Currently we do not think that 512 bit DH is secure. You can look for more secure parameters (i.e. above 1280 bits at the very least) is secure. Secure key sizes can be found at keylength.com. For DH you can e.g. look at the NIST recommendations for "Discrete Logarithm" (the underlying mathematical problem that is the base of DH-based cryptography).
Using Diffie-Hellman as base for AES-256 is a bit misleading, as it is not likely that your DH provides the same level of security as AES-256. As you can see in the tables DH requires a 15K key size (!!!) to reach the same security level. Claiming a security level of 256 bits would be unfair (but read the next section)

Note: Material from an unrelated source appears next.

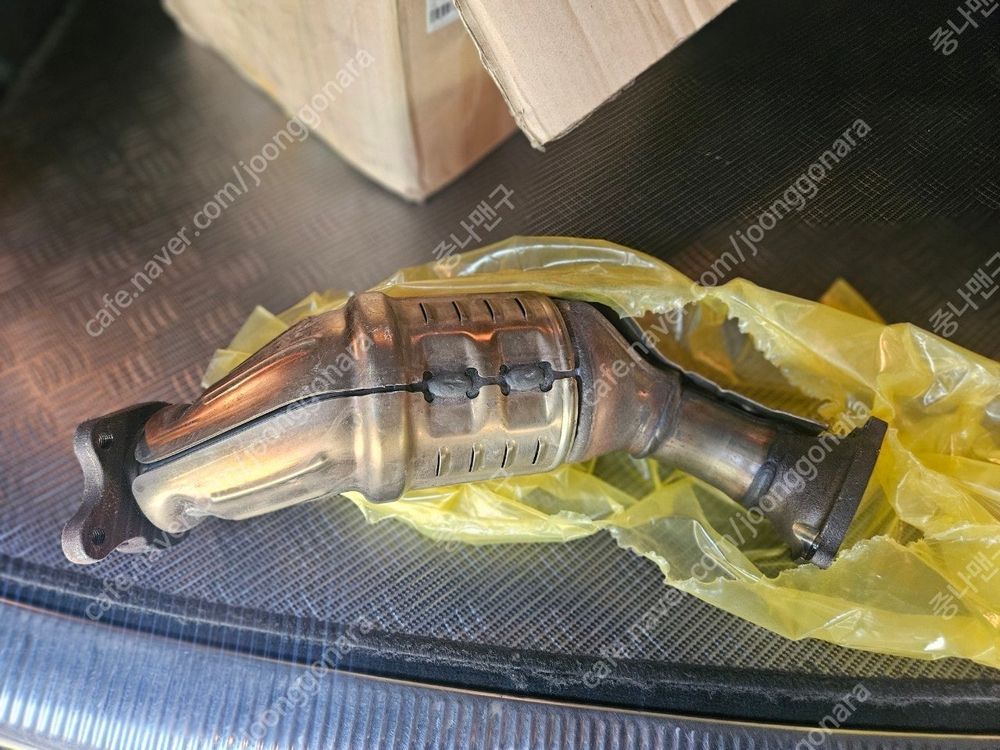 EQ900 순정 촉매 판매합니다 (LH)3.3터보에서탈착 이미지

What DH generates is a shared secret. This shared secret has a lot of pseudo-randomness. As such it can be used directly by using the leftmost (or rightmost, but leftmost is more common) bits of the shared secret as a key. More information here (note the author of the question!). This is however not considered good practice, as you preferably do not want to have any bias of bits in the secret (AES) key.

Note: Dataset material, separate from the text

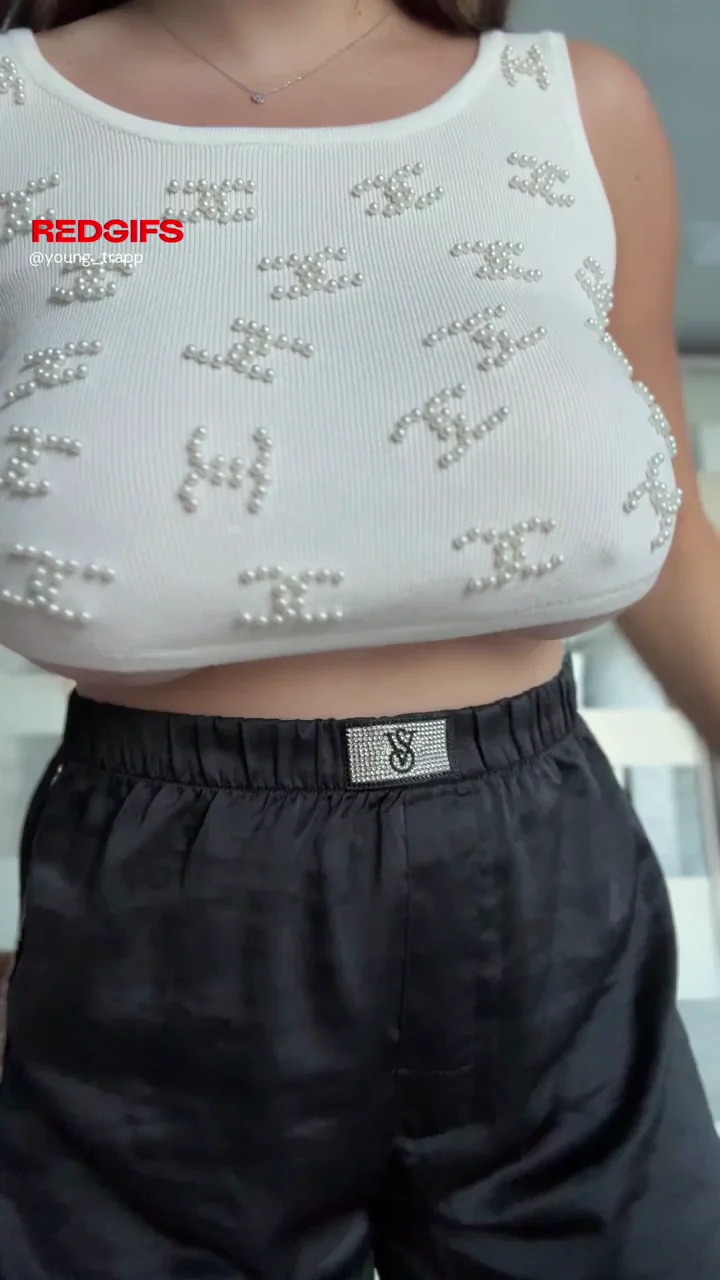 Huge and gorgeous tits reveal on your face...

So commonly we use a key based key derivation function (key based KDF or KBKDF) to condense (or extract) the pseudo-randomness of the master secret into one or more keys. That way each bit of the key depends on each and every bit of master secret material and removes any possible bias in the bits of the resulting secret key.

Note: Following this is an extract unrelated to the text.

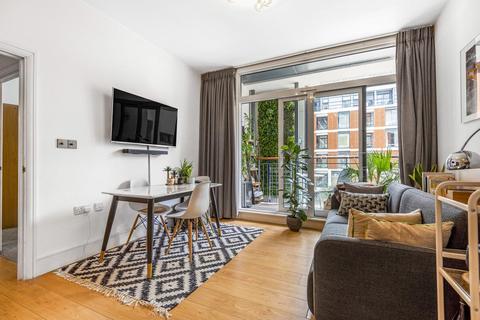 Flat 18, 1 Cornell Square, London, SW8 2EN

Quite often cryptographic API's offer combined key agreement / key derivation functions where a KDF is already used upon the result. Sometimes that means indicating a hash function, which is then used as (only) primitive within the KDF. The compression functionality within a hash is, as you might imagine, perfect for condensing the pseudo-randomness.
If you do not use a KDF then you might want to use a 256 bit AES key as it will have at least 247 bits of pseudo-randomness, as specified in the answer on my question. A 128 bit key will have less than 128 bits after all.